Miles Of Style said...

hahaha! so true! i'd always want the hottie on the airport lounge to sit next to me on the flight but i'd invariably be stuck next to someone with a noisy kid or someone with an unbearable body odour... :P

Am In Trance said...

Awesome Post... These are the things I always face..
I have been traveling Alone from 10 years or so.. & Now I married Finally..!

Ek baar, kuch 3-4 saal pehle, mujhe ek Greek Queen toh nehi but Meerut ki Raani mili thi.. I was in side Lower & She had taken a seat facing me (Lower).. with all her relatives doing taandav Leela all the way...
Hamari nazre mili, Kuch Ishare huye, Murjhaye huye mere dil ki kaliyan khili... Ah.. Kya ehsaas they woh..!
Usse dekhte dekhte pata nehin mein kab so gaya.. Subah aankh khuli toh sab khali..! Bas ek white paper pada tha uske seat pe, uska pata likha tha...!
We are the best Pen-Pals today too..!!

Kabhi kabhi kuch kuch hota hai Suruchi.. Tum nehi samjhogi..!
LOL..!! ;)

This time madame ko mayke bhej kar mein akela hi lauta.. Socha tha AC compartment mein aaraam se so so ke journey beet jayegi.. Lekin 3 bachhon ke jhund ne mere hosh uda diye.. Mere PSP ke saare battery kha gaye, Magazines faad diye, Mere white T shirt ko rangeela kar diya, aur pata nehi kya kya... Side mein baithi aunty boli, "Bachhe Hein beta, Shaitaani toh karenge hi.."

Thousif Raza said...

sweet sweet sweet sa post tha :).... so cute... and i agree with the filmy situations.. they are never true... maybe if we hire someone to imitate those scenes... only then can we have somnething remotelyu close to what they show in films...

i am sorry i have not been reading ur blogs... busy tha... u know lazy ho kar :P... but now that i am in banglore... i have all the free internet i can get :) :D... so muhuhahaha... get ready for crazy comments and posts once in a while...

i have missed reading ur posts and i am glad i am reading them again...hope u be happy and make us smile like this always :)

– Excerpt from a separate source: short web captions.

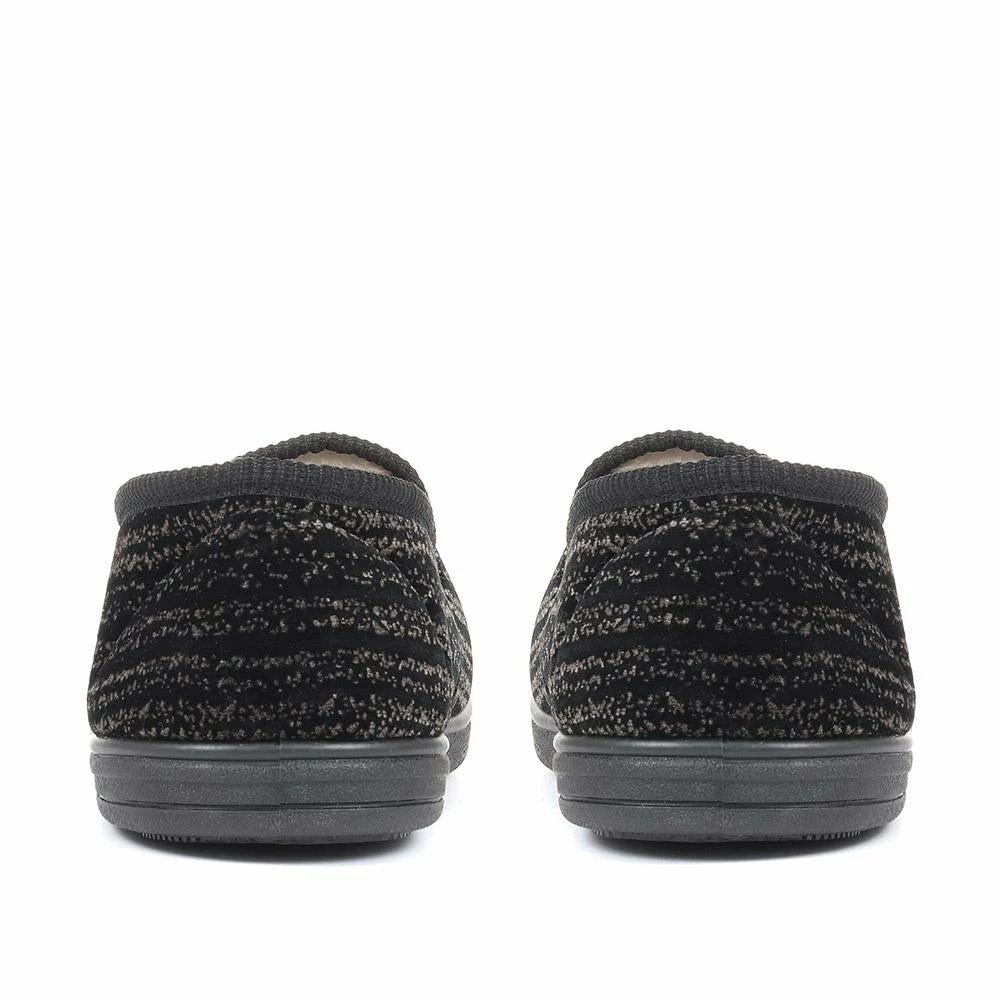 Pavers Loafer Slippers - QINGD34007 / 320 976 14 Pavers Loafer Slippers - QINGD34007 / 320 976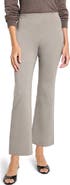 NIC+ZOE Berkeley Wonderstretch Ankle Bootcut Pants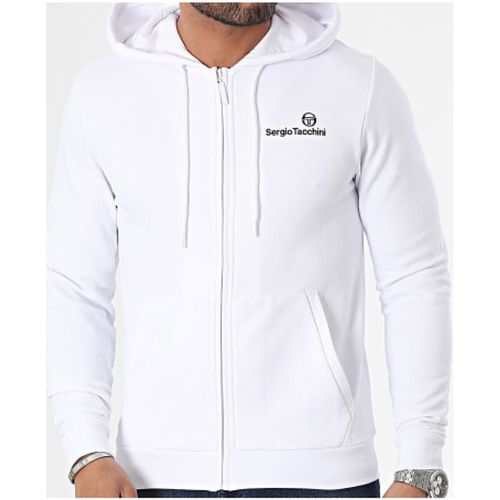 Felpa Sergio Tacchini 40523 - Sergio tacchini - Modalova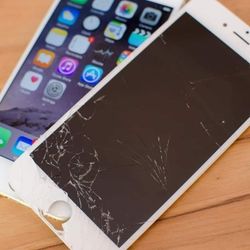 iPhone Lcd Replacement prices starting at $50 and up


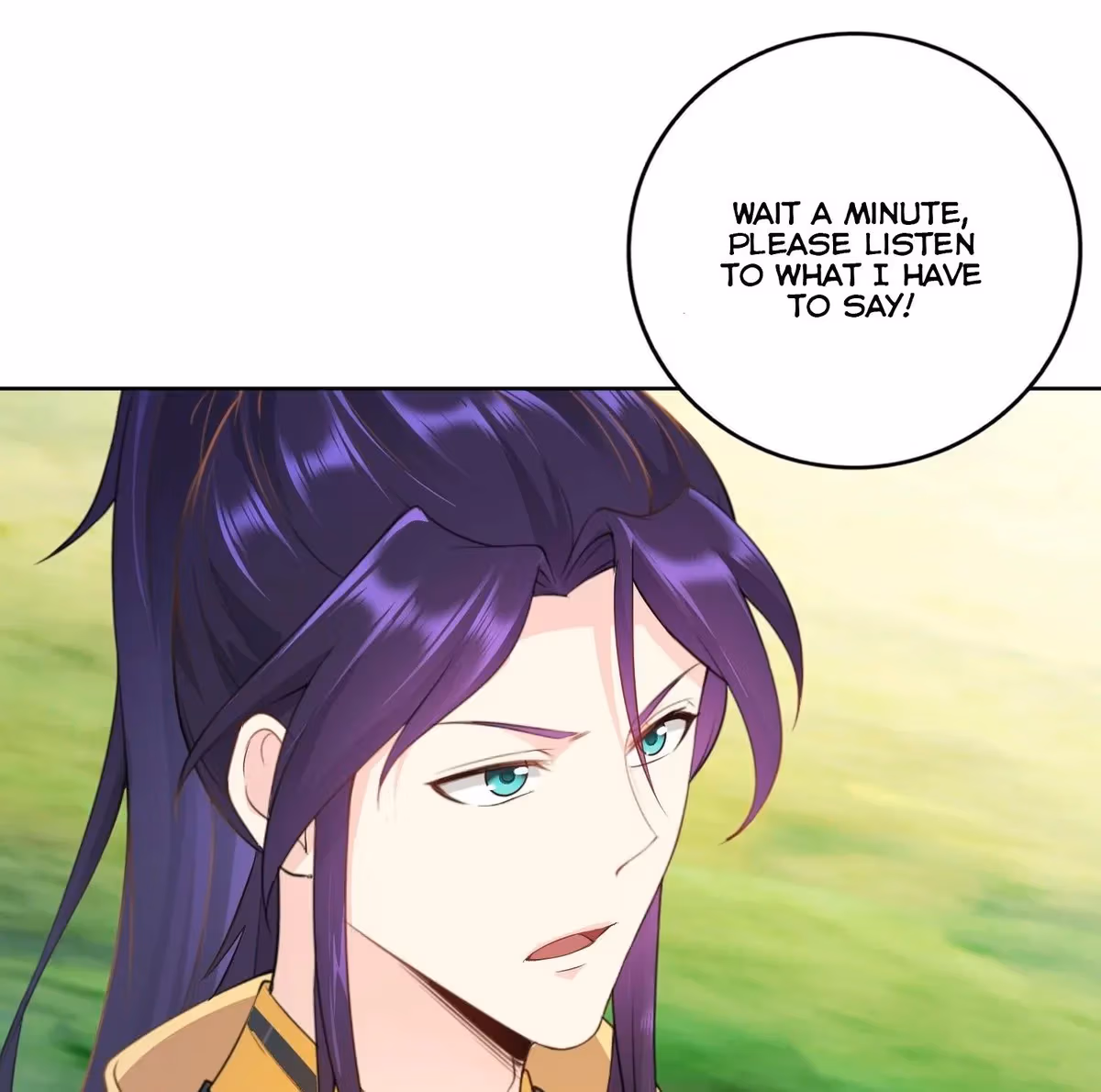 I Become A Villain In My Novel Chapter 24 page 23 -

take care and keep writing..........

suruchi said...

Thank you for the praise and yes Alks is super good for my ego and now also apparently for my blog page:-)We all are in the same boat of Great Expectations:-)

Thank you:-)

Likewise, eh? Aisa hamare saath he kyon hota hain:(

suruchi said...

My god-that is the most awesomest story ever:-)
Aisa mere saath kyon nahi hota...probably I would have to leave that paper na for this:-)
But that was such a big risk on her part...maybe your niceness led to the promptness:-)

And get used to having bachpane waale kids around...a brat is on its way via madam ji:-)
Waise you brought a new hope for me that I must not give up...kabhi kabhi kuch kuch ho sakta hain:-)

suruchi said...

You are such a cute make me feel like I am some big gift to blogosphere:-)
Glad to have you back, as always-if only you did not take so many and so frequent sabbaticals, we’d make one big happy family:-)

Thank you and let’s hope all our luck changes!